Drought, Turkana deaths: West African ‘miracles’ can end it all

This image taken on March 17, 2019 shows Ms Ocheli Lemuu, a villager at Kamekwi in Turkana Central, in dire need of food. PHOTO | JARED NYATAYA | NATION MEDIA GROUP

What you need to know:

  • The story of drought wasting Kenya’s northern and north-eastern regions has been a long-running one and is not likely to go away soon.
  • A big part of the problem is that we are looking for solutions away from the affected communities. A change in mindset that looks to these communities’ history of resilience might offer us the best answers.

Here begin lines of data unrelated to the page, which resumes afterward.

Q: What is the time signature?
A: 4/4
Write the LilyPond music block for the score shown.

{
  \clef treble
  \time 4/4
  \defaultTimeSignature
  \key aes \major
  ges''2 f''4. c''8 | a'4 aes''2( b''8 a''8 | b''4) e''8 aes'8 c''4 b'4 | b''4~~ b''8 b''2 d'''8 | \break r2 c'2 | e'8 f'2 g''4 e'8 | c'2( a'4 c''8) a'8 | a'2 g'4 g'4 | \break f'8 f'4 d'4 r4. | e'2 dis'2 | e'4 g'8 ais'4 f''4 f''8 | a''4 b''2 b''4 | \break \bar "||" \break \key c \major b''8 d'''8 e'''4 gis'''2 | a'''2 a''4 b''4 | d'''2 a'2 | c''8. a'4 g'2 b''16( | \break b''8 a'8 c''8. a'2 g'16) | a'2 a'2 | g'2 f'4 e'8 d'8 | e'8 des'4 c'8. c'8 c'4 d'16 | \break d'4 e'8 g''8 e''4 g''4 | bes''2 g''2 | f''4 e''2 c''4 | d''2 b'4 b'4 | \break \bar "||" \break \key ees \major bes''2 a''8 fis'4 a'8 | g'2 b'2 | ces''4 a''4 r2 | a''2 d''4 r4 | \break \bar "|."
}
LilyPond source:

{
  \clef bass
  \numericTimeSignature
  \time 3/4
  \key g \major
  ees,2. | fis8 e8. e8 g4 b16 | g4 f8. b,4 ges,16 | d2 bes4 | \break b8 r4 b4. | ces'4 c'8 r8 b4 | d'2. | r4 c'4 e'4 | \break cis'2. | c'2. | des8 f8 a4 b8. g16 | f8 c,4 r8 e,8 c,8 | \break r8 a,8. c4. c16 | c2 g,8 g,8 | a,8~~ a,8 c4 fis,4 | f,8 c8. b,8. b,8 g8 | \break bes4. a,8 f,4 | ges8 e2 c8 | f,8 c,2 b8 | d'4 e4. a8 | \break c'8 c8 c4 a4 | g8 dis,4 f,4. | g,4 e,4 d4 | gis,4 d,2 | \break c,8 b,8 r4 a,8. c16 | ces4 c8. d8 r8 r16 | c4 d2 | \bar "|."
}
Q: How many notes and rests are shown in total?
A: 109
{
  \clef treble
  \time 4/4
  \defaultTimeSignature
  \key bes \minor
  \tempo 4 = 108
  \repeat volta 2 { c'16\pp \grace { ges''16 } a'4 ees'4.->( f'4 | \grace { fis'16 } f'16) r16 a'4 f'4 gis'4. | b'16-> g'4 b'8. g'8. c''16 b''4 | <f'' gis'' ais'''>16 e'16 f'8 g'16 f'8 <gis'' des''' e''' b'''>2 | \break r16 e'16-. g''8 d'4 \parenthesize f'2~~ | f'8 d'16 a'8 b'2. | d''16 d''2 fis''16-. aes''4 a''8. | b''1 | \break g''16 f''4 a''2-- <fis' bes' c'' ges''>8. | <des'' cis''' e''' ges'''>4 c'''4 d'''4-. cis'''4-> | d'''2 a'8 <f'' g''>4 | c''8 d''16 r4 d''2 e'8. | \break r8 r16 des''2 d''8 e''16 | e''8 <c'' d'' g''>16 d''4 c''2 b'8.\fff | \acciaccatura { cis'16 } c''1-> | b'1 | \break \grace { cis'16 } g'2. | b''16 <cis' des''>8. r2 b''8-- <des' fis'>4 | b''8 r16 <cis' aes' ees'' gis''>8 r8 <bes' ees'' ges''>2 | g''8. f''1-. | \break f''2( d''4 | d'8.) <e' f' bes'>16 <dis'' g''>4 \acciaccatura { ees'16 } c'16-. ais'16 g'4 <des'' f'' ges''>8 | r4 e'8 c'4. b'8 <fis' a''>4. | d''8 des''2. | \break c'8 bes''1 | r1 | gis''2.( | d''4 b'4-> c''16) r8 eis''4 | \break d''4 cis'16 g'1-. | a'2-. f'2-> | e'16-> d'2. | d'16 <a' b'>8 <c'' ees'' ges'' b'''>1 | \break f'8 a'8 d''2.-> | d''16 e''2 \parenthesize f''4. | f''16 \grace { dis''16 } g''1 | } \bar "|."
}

Last week, the sleekly produced One Planet Summit was held at the UN headquarters in Nairobi, co-hosted by President Uhuru Kenyatta and French leader Emmanuel Macron.

Barely had it closed than news hit the headlines of an environment-related disaster in Turkana, with reports of a severe drought in the county ravaging the people and plenty of skeletal people near death circulating on social media and the newspapers.

As of Tuesday, at least 10 people had died of hunger in the north-western Turkana region.

The government acknowledged that more than 1.1 million people are facing food shortages, with James Oduor of the National Drought Management Authority telling the BBC, however, that there was nothing unusual about one million people facing starvation.

“Due to poverty, almost under normal circumstances about a million people always require food assistance because... they are poor,” Oduor said.

BOTTOM-UP APPROACH

The story of drought wasting Kenya’s northern and north-eastern regions has been a long-running one and is not likely to go away soon.

In fact, with some of the bleak projections on climate change, it could get worse. The question of what to do to reverse course, or limit its damage, will become more frenzied. Perhaps it shouldn’t.

A big part of the problem is that we are looking for solutions away from the affected communities.

A change in mindset that looks to these communities’ history of resilience might offer us the best answers.

I remember an incident at Nation Media Group a while back, while I was still working there. Since the terrible droughts of the 1990s, NMG had a programme working with vulnerable communities in Turkana.

A MEAL A DAY

One element of it was bringing students from the area to Nairobi for a study and visitation trip. One time it brought a group of schoolgirls who were checked into a city hotel.

After a day or so, the company’s corporate affairs manager received an alarming call from the hotel. The Turkana girls, he was told, “had refused to eat”.

He rushed to the hotel, expecting to find the girls half-collapsed in hunger, but no. They were cheerful and playing away. He asked them why they had refused to eat. Their answer blind-sided him.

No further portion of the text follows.